I am several decades from my first year in the classroom (at the front of it, as well as sitting at a desk), but I thought I’d offer you some Top Survival Tips for newer teachers and invite others to add theirs in the comments section. I do remember that first year – as you will, decades from now – and I cringe as I do so, on occasion, but I also remember the good stuff. I remember the moments when I realized something had clicked as well as those when something had crashed. I’ve also been a teacher trainer for some years now, and a teacher mentor for novice teachers – which, as a role, is a privilege for any more seasoned teacher and I thoroughly recommend it as a way of clearing your professional cobwebs and keeping your mojo working. These tips are from a combination of my own experiences and from observing new teachers, and they’re for anyone about to start their first year in teaching, and those wading/skipping through it and happy the first semester is behind them. For reasons of neatness verging on obsession, I have chosen ten. But there are certainly more that could be added: feel free to add yours at the end.
1. Fear of Teens
The very fact that this was the first thing that came to my mind, thirty years on – yes, this September is my 30th anniversary as a teacher – means it is definitely an area that caused me angst in the early days. It is now what I consider my ‘forte’. You learn from the knocks.

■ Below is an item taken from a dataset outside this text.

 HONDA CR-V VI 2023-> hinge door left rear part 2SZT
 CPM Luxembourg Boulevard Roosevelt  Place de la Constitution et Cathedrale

Teenagers are not only potentially close to you in age, they are experts in being in a classroom and more so than any other age-group you teach. They have classroom dynamics (from the student side, and not necessarily in a positive sense) down to an art, whilst not yet having the cognitive development to control all their impulses in terms of the way they treat each other, the way they treat you, the way they react to materials / activities (head on table for boredom, raised voice in L1 for disagreement, getting rowdy when enjoying a team game…). If you are under 30, they may deem you too young to know anything or to merit respect, you may get comments about your hair, your clothes, your politics, your religion …. My advice is to let it wash over you. Teens are wonderful to teach, but you need to draw your line very clearly in the sand. You must be fair above all, and stay calm above even that. Never ever shout. They are merely pushing to see how far they can go. Don’t push back, bend, don’t break. If you stay calm – even pause in silence then calmly get back to what you were saying – they are far more likely to respect you in the end. If you lose your temper, cry or anything along those lines, you’ve lost them. Remember, though, they’re 3D people, not caricatures. They have bad days, just like you; they’re under peer pressure, just as you were at that age; they probably feel challenged, vulnerable, maybe even ridiculous speaking a ‘foreign’ language with ‘funny sounds’ (ie English). So, every day has to be a new day. If you listen as much as you speak, if you give respect as much as you expect to receive it, if you treat each student with the same calm degree of fairness, if you leave any sarcasm or other condescending style of self-defence at the door, and just be yourself, you’ll be fine. And if someone tells you you got the ‘difficult class’ or the ‘grotty teens’, ignore them. Only teachers make teens difficult and grotty – that one’s down to you. Win them over, and you’ll have friends for life. I can show you some of mine, amongst my Facebook friends and email contacts. (But never try to BE their friend – they’ll just think you’re sad. Friendship tends to develop after they’ve stopped being in your class, when they realise they want to continue having you in their life.)
2. Fear of language rules
A lot of new teachers are a little shaky on the grammar front. This is particularly true of so-called native speaker teachers (NESTs), as they haven’t had the grammar training NNESTs have had. Don’t wing it, be honest, say ‘I’m not sure, but I’ll check it and we’ll look at it in the next lesson’. You can go online and check, you can carry a copy of Michael Swan around at all times, but that detracts from the flow of the lesson. Note it down, check it later, and answer it in the next lesson. Alternatively, for less complex questions, set up a ‘secret’ Facebook group for your class at the beginning of the year, and post the answer there (also useful for posting all homework, interesting articles to read etc). Then, in the next lesson, ask if they have read your post and get those who have to explain the answer to those who haven’t. If it’s a more complex question (I have excruciating memories of “What’s the difference between ‘as’ and ‘like’, Fiona?”), do your homework and, if you decide it’s relevant to the whole class, deal with it in the next lesson. Otherwise, do your homework and explain the answer to whoever asked the question in the break or after class.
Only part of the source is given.